A escritora e palestrante April Rinne sugere, em recente artigo publicado na Harvard Business Review, a construção de um portfólio de serviços em vez de um plano de carreira. O portfólio é um conjunto de possibilidades de contribuição. Essas contribuições são como um mosaico de conhecimentos e interesses. Por exemplo, um profissional que está trabalhando na área de finanças pode construir suas reflexões de portfólio incluindo projetos em recursos humanos ou marketing. Esses interesses vêm de áreas de estudo, hobbies ou interconexão de temas de negócios.
A livre movimentação de talentos também é um fator-chave na construção dessa abordagem contemporânea. Dar liberdade para que os profissionais fluam e eliminar rituais atrozes para que uma pessoa consiga evoluir na carreira também fortalece o engajamento. A segurança psicológica para que o profissional se candidate livremente às vagas e projetos que surgirem na empresa é peça estratégica nessa filosofia de protagonismo.
Na pesquisa de Beverly, quase 60% dos entrevistados afirmaram que tinham receio de expor seus interesses de carreira com medo de contrariar seu líder e sofrer consequências ruins na organização. A cultura de comando e controle ainda é dominante. Essa mudança na forma de acolher os interesses de carreira inclui a revisão das estruturas lineares e a construção de modelagens mais fluidas como projetos, hubs ou squads que permitam ao profissional circular na empresa. O potencial de contribuição das pessoas pode estar além do cargo que ocupam. O portfólio é o mapa para essa zona de contribuição ampliada.
A construção de um portfólio de atividades também inclui reflexões de trabalho fora da empresa. O tabu das discussões sobre atividades paralelas precisa ser vencido.
Ao contrário do que muitos chefes pensam, indivíduos que realizam atividades fora da companhia são mais engajados. O espaço concedido é um combustível para que o profissional contribua e realize seus objetivos. Empresas rígidas e que mantém a ideia de dedicação exclusiva terão mais dificuldade para manter seus profissionais.

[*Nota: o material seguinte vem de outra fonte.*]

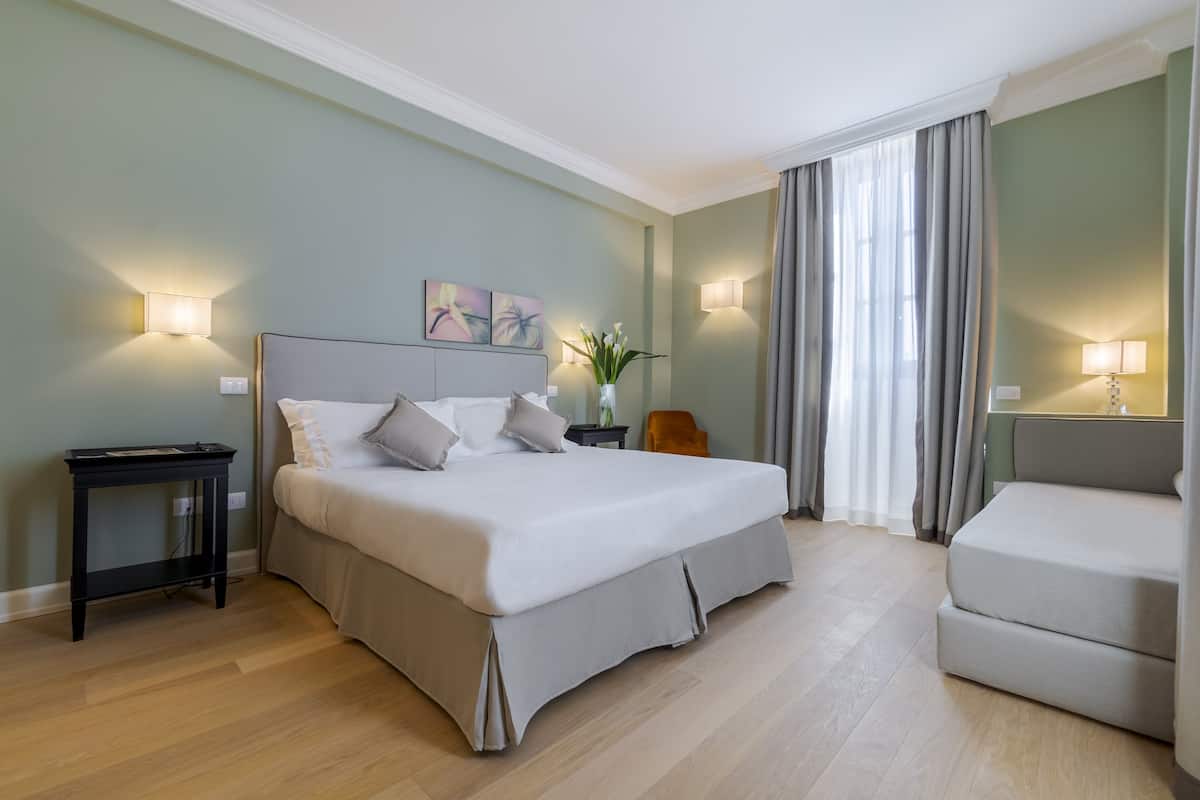 Deluxe Double Room | Premium bedding, minibar, in-room safe, desk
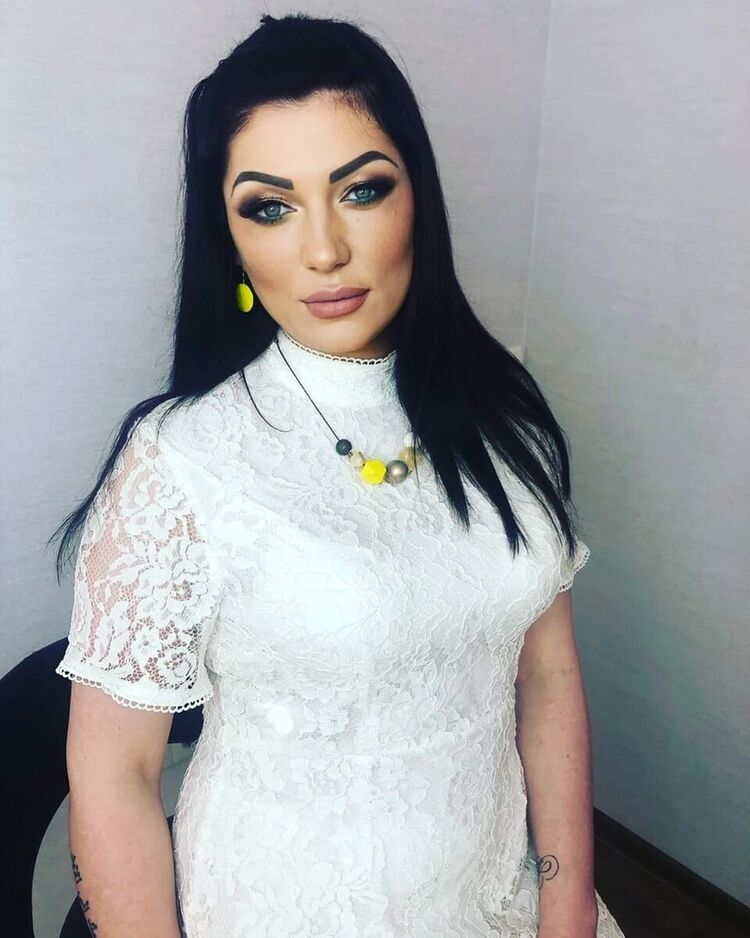  ,   Veronicka, 32 ,  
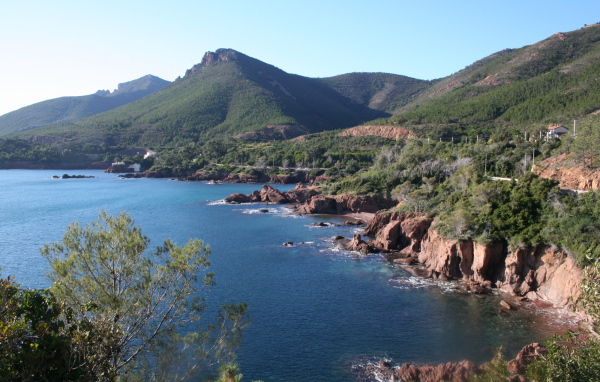 Скалистое побережье на курорте Манделье ля Напуль, Франция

O trabalho de April Rinne mostrou que mais de 55% dos entrevistados gostariam de realizar atividades paralelas, como dar aulas e prestar consultoria. Exigir exclusividade ficou obsoleto. Nenhuma empresa garantirá emprego até a aposentadoria, portanto, não pode exigir que o portfólio de carreira fique restrito a ela. A liberdade para construção da trajetória é a melhor narrativa de carreira para engajar os talentos.